We will present certificates for participants. Feel free to grab yours if you are leaving.
Appreciation to IMIRSEL team members.

Overview

This year MIREX is highly successful. We got everything done on time!
Matlab is widely used (universal retrieval language!)
All the evaluation result data files are available on the wiki.

Tasks

We had sub-tasks as tasks are getting matured.
New tasks:
- Audio cover song: 13 different songs, each of which has 11 different versions
- Score following: have ground work done for future years
- QBSH: 48 ground truth melodies. Different versions of queries on the 48 melodies. About 2000 noise songs were selected from Essen dataset.

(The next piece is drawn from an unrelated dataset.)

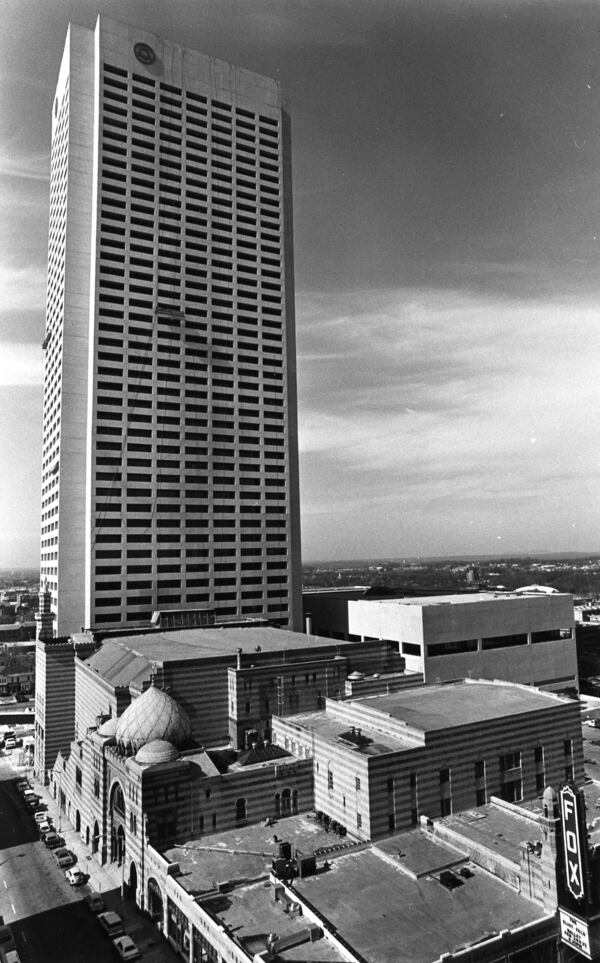 New Southern Bell headquarters building looms over the Peachtree and Ponce de Leon area and the Fox Theatre. (Bill Mahan/AJC 1981)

Both audio input and MIDI input are supported.
Please think about new tasks next year.
New evaluations:
- Evalutron 6000 got real-world human judgment.
- Audio onset detection supported multiple parameters.
- Friedman test: It is valuable experience from TREC conferences, the annual contests in Text Retrieval area.

Onset Detection

By tuning the parameters, we can get an optimal setting which is a tradeoff between precision and recall. We need new dataset to see if the tuned parameters are good for onseen data. Question: comparison to last year results? Answer:

Evalutron 6000

Two judgments:

category judgment: Not similar; Similar; Very similar
continurous score: from 0 to 10, allowing one decimal after the decimal point.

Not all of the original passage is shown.